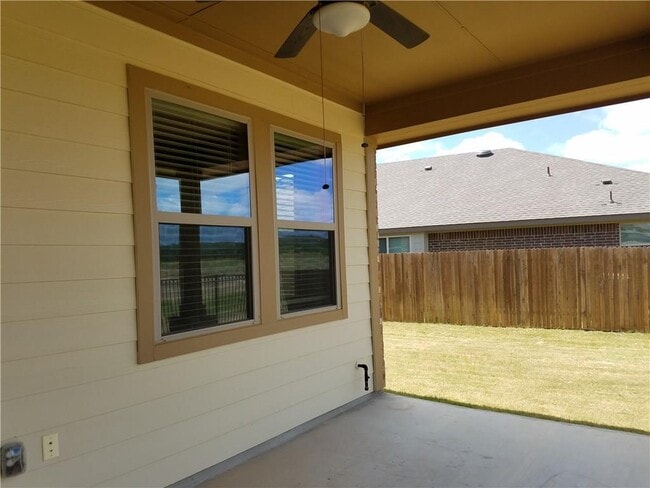 Building Photo - 743 Easton Dr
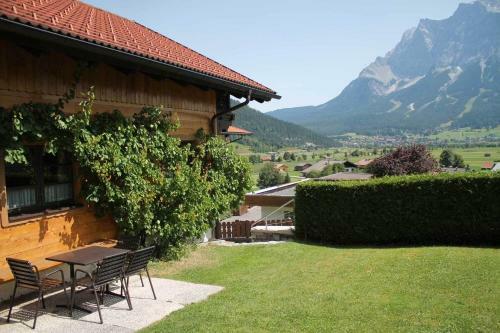 Ferienhaus J�gerh�usl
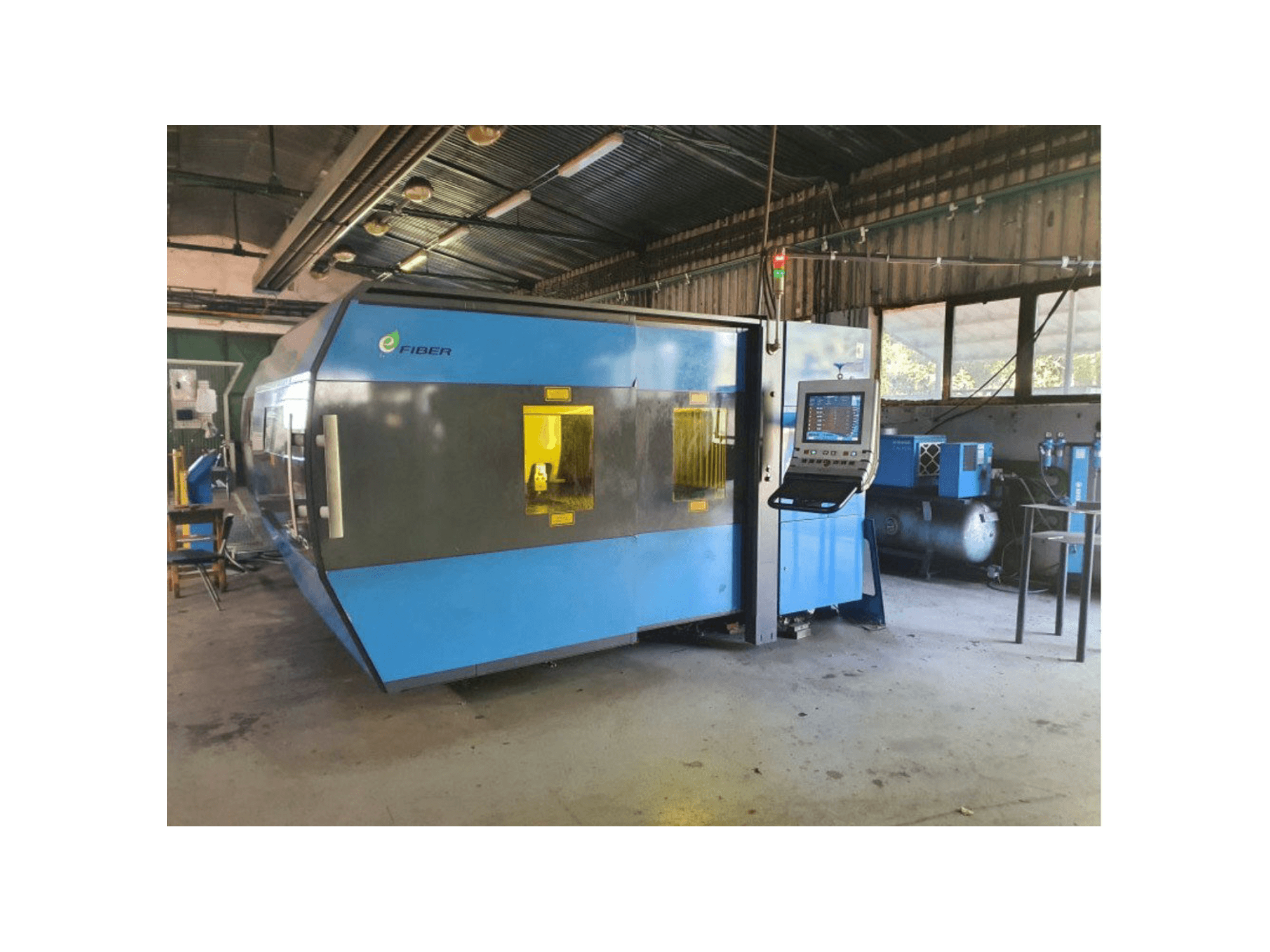 Koneen Prima Power Platino Fiber etunäkymä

* _Exercise requirements_
Repeat the data exactly. No pictures should appear.

* _Exercise result_
 Building Photo - 743 Easton Dr
 Ferienhaus J�gerh�usl
 Koneen Prima Power Platino Fiber etunäkymä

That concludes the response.